One of the most negative lines of attack used by McCain was the recent question: "Who is Barack Obama?"
"That suggests he's not who you think he is. It's a nefarious play to people's fears. 'Is he really a Muslim?' 'Is he close to terrorists?' He's not one of us. It's about making him seem scary and un-American."
Swint compared such attacks to the infamous ad used by late Senator Jesse Helms in his tough re-election campaign in 1990 against Harvey Gantt, the first black mayor of Charlotte, North Carolina.
Those attacks have a not-so-subtle racial element to them, explains Joseph Cummins, the author of "Anything For a Vote: Dirty Tricks, Cheap Shots, and October Surprises."
"It plays into people's pre-existing seeds of racism, that as a Muslim or as a black man, he's alien to the mainstream."
Cummins says that current campaign is in contention to make his list of the top 10 dirtiest presidential campaigns in American history. "The volume of stuff put out by the McCain campaign is pretty extraordinary."
Most of those ads have aired on TV, radio and the Internet and negative attacks have been used in robo-calls by the campaign and Republican party officials.
But some of the crudest attacks, many of which are circulated by independent operatives and players not affiliated with the McCain campaign, have used the oldest campaign technique in the book: flyers posted on bulletin boards and shoved under car windshield wipers.
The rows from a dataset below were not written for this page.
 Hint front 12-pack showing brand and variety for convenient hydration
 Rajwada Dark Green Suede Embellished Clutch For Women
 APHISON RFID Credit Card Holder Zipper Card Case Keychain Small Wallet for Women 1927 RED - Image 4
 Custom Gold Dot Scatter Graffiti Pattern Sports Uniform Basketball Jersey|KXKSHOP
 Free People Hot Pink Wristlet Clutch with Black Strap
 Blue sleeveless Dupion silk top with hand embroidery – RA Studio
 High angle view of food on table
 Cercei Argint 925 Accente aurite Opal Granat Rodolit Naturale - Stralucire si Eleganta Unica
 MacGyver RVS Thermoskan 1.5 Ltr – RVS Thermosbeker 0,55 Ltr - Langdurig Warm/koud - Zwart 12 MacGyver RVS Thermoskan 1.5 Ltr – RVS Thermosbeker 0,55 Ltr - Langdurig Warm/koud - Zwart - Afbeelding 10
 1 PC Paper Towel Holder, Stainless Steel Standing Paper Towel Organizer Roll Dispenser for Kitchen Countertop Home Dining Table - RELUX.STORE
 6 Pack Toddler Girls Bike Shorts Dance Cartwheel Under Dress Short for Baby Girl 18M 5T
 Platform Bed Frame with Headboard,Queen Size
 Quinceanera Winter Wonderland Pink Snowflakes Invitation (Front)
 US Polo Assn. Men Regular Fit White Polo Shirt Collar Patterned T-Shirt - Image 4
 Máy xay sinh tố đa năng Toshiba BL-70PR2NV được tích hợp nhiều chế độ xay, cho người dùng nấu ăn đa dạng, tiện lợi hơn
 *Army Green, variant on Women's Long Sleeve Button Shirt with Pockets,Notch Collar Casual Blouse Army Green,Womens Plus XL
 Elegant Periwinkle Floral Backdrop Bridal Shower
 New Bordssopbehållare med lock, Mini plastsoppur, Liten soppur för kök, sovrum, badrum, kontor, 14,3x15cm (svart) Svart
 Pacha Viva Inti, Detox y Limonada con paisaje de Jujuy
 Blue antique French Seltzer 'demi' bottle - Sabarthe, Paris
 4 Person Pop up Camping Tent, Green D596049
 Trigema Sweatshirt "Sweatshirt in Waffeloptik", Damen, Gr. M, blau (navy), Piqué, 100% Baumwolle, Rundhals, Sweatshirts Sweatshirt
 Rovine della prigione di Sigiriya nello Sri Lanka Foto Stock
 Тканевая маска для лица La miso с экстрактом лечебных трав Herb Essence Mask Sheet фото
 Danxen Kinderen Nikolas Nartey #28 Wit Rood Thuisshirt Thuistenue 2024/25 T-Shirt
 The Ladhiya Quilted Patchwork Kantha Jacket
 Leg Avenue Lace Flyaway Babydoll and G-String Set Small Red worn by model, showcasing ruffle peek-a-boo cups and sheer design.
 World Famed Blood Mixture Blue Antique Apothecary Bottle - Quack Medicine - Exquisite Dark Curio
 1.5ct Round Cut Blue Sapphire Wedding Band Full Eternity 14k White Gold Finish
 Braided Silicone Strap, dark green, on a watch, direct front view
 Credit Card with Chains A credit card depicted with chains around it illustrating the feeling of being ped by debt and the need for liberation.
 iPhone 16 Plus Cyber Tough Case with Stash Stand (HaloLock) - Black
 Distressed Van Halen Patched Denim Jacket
The worst examples, shown in the accompanying slideshow, have used racist caricatures, implied that Obama has an affinity with Osama Bin Laden, and suggested that the country is on the verge of a race war.
There have been some anti-McCain flyers with caricatures of the candidate as a scarred POW but they did not appear during the general election and were distributed by McCain's contenders in the hotly-contested Republican primary.